Otro filósofo llamado Charles Lambert trató de demostrar la hipótesis de la inmortalidad facultativa en una voluminosa obra. Después de haber refutado la escuela materialista que niega la inmortalidad al alma, y sentado que ésta no puede ser condenada a perecer necesariamente por la razón potísima de que sin la esperanza de la inmortalidad el hombre sería el más desgraciado de los seres vivientes, defiende que para sobrevivir a ese cuerpo es preciso consentir en ello y que las almas de los malos no vivirán eternamente. Partiendo de la suposición, que en nosotros tenemos un germen de inmortalidad que puede desarrollarse, piensa, en efecto, que según las reglas de la justicia debe estar en nuestra voluntad aceptar el don de la vida o no, en vista de que ningún don se impone y que Dios sería injusto imponiéndonos una vida que no queremos. También sostiene que el infierno, que sería patrimonio de los malos, si fuesen inmortales no serviría sino para que continuase el mal que hicieron en el mundo, lo que sería el supremo mal, y la santidad de Dios no consiente que se produzca obligando a los malos a conservar su existencia.

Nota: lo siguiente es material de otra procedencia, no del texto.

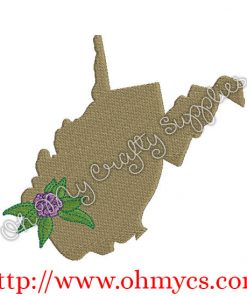 West Virginia Embroidery Design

Basta hacer algunas observaciones para destruir toda la teoría de M. Lambert. Ya hemos visto que la inmortalidad se deriva de la esencia del alma; así, pues, nuestra voluntad no puede modificar lo que pertenece a nuestra esencia; ésta puede hacernos buenos o malos, y por consiguiente, felices o desgraciados, pero no puede aniquilarnos. Nuestra inmortalidad no puede depender en modo alguno de nuestra voluntad; así, pues, es necesaria, y no potestativa. Dios tiene seguramente el poder de aniquilarnos, de reducirnos a la nada; pero ya hemos dado sobre esto las razones que le impiden hacerlo, y estas razones parecen convincentes aun cuando se trate de los malos, y no sólo cuando se refieren a los buenos. Tampoco pretendemos, por lo demás, que la Filosofía demuestre cuál será la suerte de los malos en la otra vida, porque la Revelación es quien nos lo enseña. Dice que serán condenados eternamente. Las pruebas que opone M. Lambert, ¿establecen la imposibilidad de la existencia del infierno? No. La primera se funda en el principio de que Dios no puede imponernos la vida. Este principio es falso y legitimaría el suicidio. Dios es dueño de darnos una existencia sin fin, sobre todo cuando nos da los medios de hacerla dichosa. La segunda prueba de M. Lambert se apoya en el principio de que el infierno es el supremo mal. Tampoco es exacto este principio. El supremo mal es el pecado o la ofensa de Dios, no su castigo. Por lo demás, este castigo es para nosotros un gran mal: forzoso es conocerlo; pero ¿cuál es la causa de este mal sino nosotros mismos, que ofendemos a Dios? No nos detendremos en discutir la cuestión sobre este punto: ya ha sido estudiada en el articulo Eternidad del Infierno.
Todo lo anterior prueba bastantemente que los partidarios de la inmortalidad facultativa no destruyen ninguna de las pruebas que hemos dado para establecer que la inmortalidad está unida a la naturaleza del hombre tal como Dios la constituyó y debe mantenerla.